Carne es una palabra que indica al hombre en su dimensión solo terrenal, cerrado en sí mismo, en una vida horizontal, donde se siguen los instintos mundanos y se cierra la puerta al Espíritu, que nos eleva y nos abre a Dios y a los demás. Pero la carne también nos recuerda que todo esto envejece y pasa, se pudre, mientras que el Espíritu da vida. Pablo enumera, por lo tanto, las obras de la carne, que se refieren al uso egoísta de la sexualidad, a las prácticas mágicas que son idolatría y a lo que socava las relaciones interpersonales, como «discordia, celos, iras, rencillas, divisiones, disensiones, envidias...» (cf. Gál 5,19-21). Todo esto es el fruto, digamos así, de la carne, de un comportamiento solo humano, enfermamente humano, porque lo humano tiene sus valores, pero esto es enfermamente humano.

El fruto del Espíritu, en cambio, es «amor, alegría, paz, paciencia, afabilidad, bondad, fidelidad, mansedumbre, dominio de sí» (Gál 5,22). Así dice Pablo. Los cristianos, que en el Bautismo se han «revestido de Cristo» (Gál 3,27), están llamados a vivir así.

Puede ser un buen ejercicio espiritual leer la lista de San Pablo y mirar la propia conducta, para ver si se corresponde, si nuestra vida es realmente según el Espíritu Santo, si lleva estos frutos, estos frutos de amor, alegría, paz, paciencia, afabilidad, bondad, fidelidad, mansedumbre, dominio de sí. ¿Mi vida tiene estos frutos? Por ejemplo, los tres primeros enumerados son el amor, la paz y la alegría: desde aquí se reconoce a una persona habitada por el Espíritu de Dios. Una persona que está en paz, es alegre y que ama. Con estas tres pistas se ve al Espíritu.

Esta enseñanza del Apóstol supone también un gran reto para nuestras comunidades. A veces, quienes se acercan a la Iglesia tienen la impresión de encontrarse ante una densa masa de mandatos y preceptos. Pero no, esto no es la Iglesia, puede ser cualquier asociación, pero, en realidad, no se puede captar la belleza de la fe en Jesucristo partiendo de demasiados mandamientos y de una visión moral que, desarrollándose en muchas corrientes, puede hacernos olvidar la fecundidad original del amor, nutrido de oración que da la paz y de testimonio alegre.

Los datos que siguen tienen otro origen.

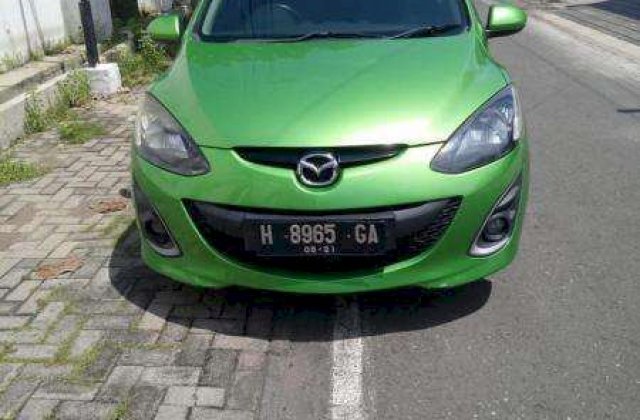 Kelebihan Mazda 2 2011
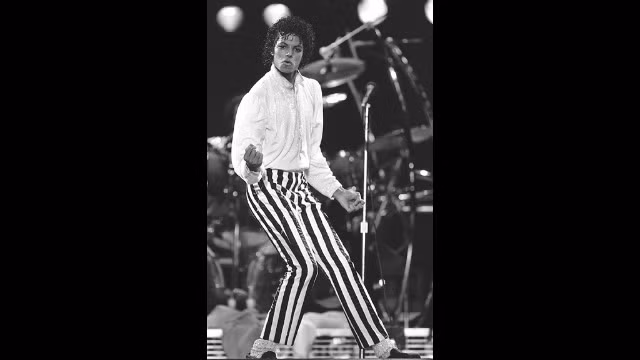 Jackson trình diễn solo trên sân khấu Kansas năm 1983. Đầu những năm 1980, Michael Jackson được xem như nghệ sĩ giải trí thành công nhất. Các video ca nhạc của Micheal, bao gồm cả "Beat It", "Billie Jean" và "Thriller", đã phá vỡ rào cản chủng tộc và nâng tầm giá trị của video ca nhạc như một hình thức nghệ thuật và công cụ quảng cáo.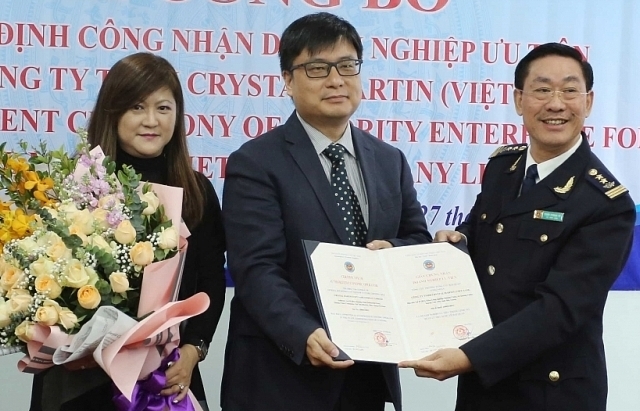 Công ty TNHH Crystal Martin Việt Nam được gia hạn áp dụng doanh nghiệp ưu tiên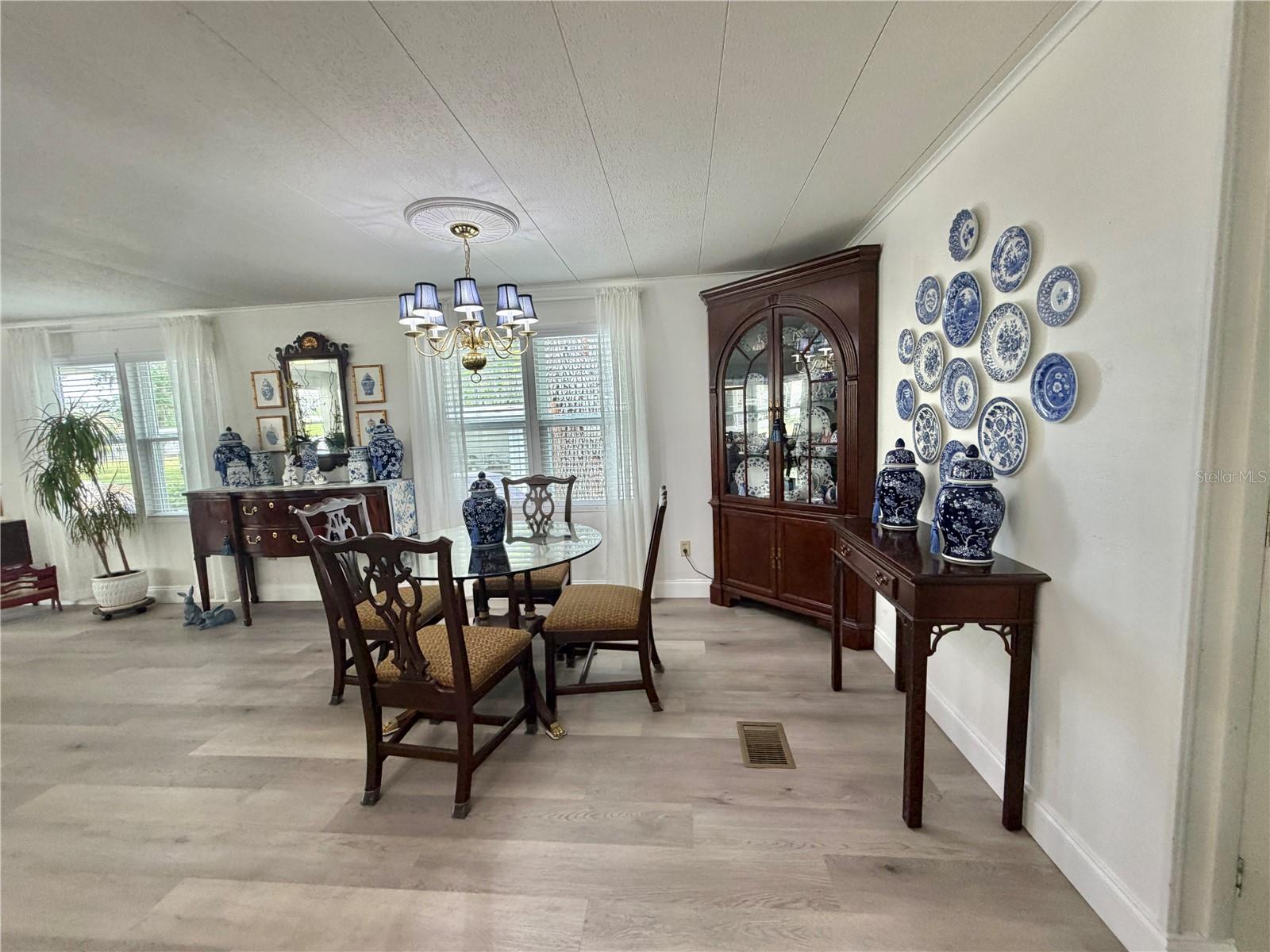 103 ROYAL PALM DR, LEESBURG, FL, 34748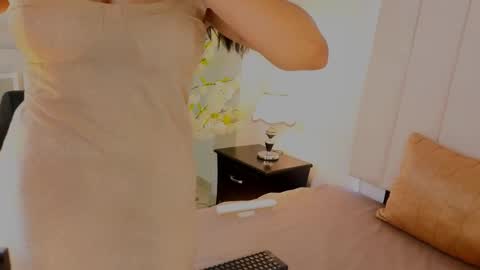 Angelina Dorian  online show from 05/27/26, 08:06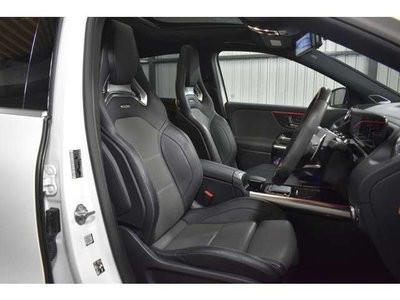 MERCEDES-BENZ GLA - 9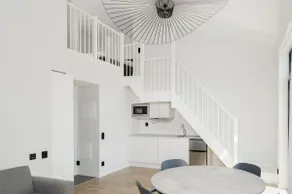 Modern loft w/ free parking & fast wifi - Image 5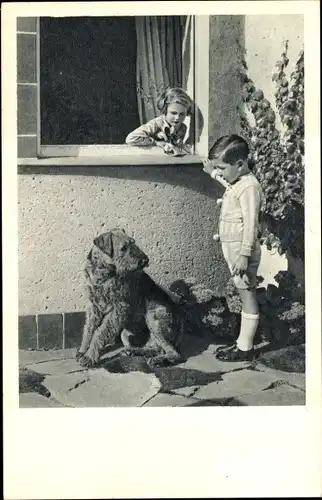 Foto Ak Terrier, Kinder am Fenster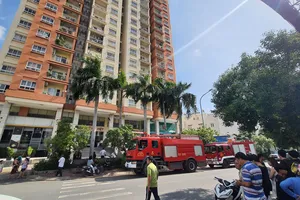 Cháy căn hộ chung cư ở quận 8, hàng chục người tháo chạy 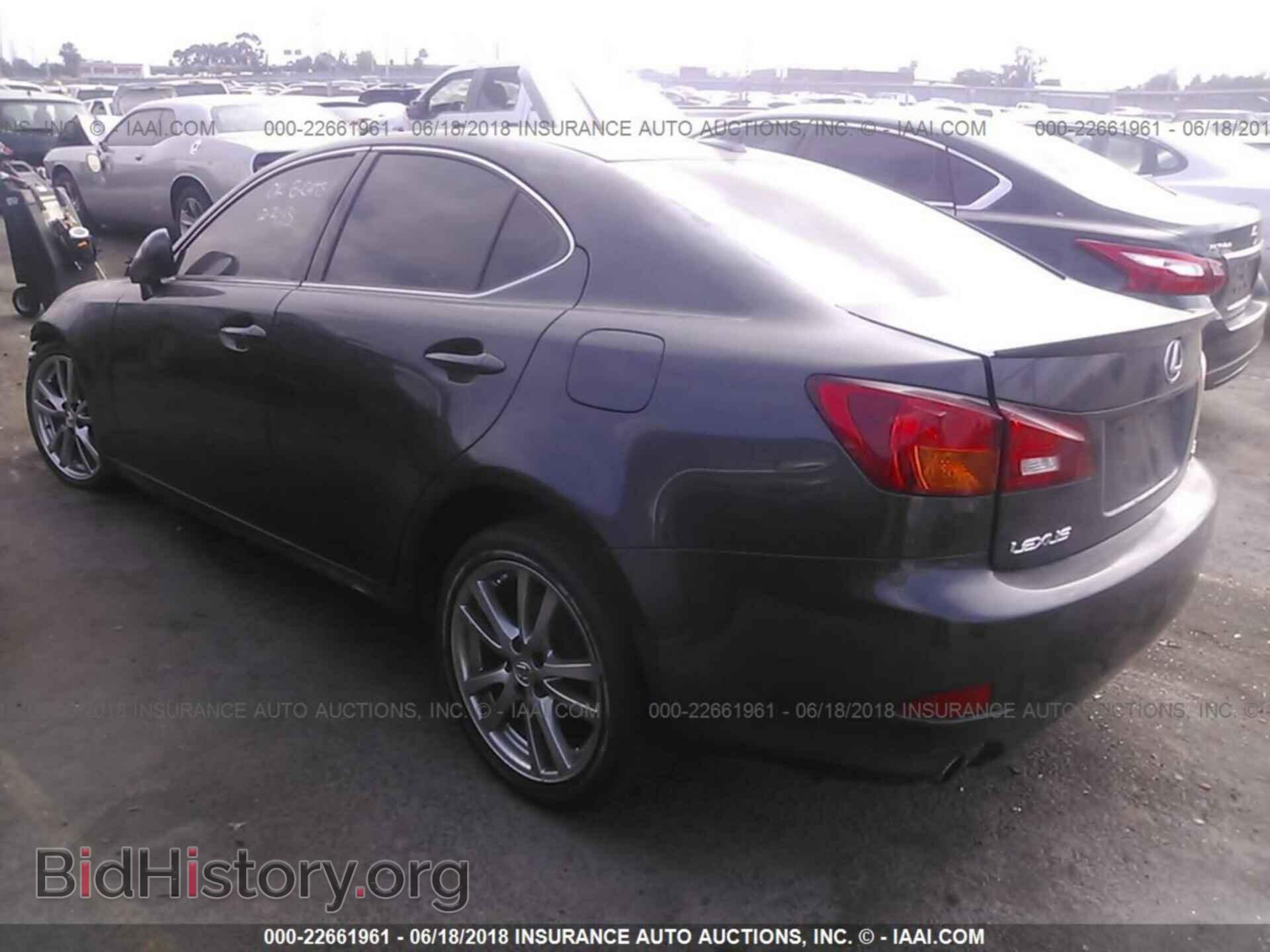 2008 LEXUS IS - VIN: JTHBK262482080506 - Photo 3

Del mismo modo, la vida del Espíritu expresada en los sacramentos no puede ser sofocada por una burocracia que impida el acceso a la gracia del Espíritu, autor de la conversión del corazón. Cuántas veces nosotros obispos, sacerdotes, hacemos tanta burocracia para dar un sacramento, para acoger a la gente, que la gente dice ‘esto no me gusta y se va’ y no viene en nosotros, muchas veces, la fuerza del Espíritu que regenera, que nos hace nuevos a todos.

Por tanto, tenemos la gran responsabilidad de anunciar a Cristo crucificado y resucitado, animados por el soplo del Espíritu de amor. Porque sólo este Amor tiene el poder de atraer y cambiar el corazón del hombre.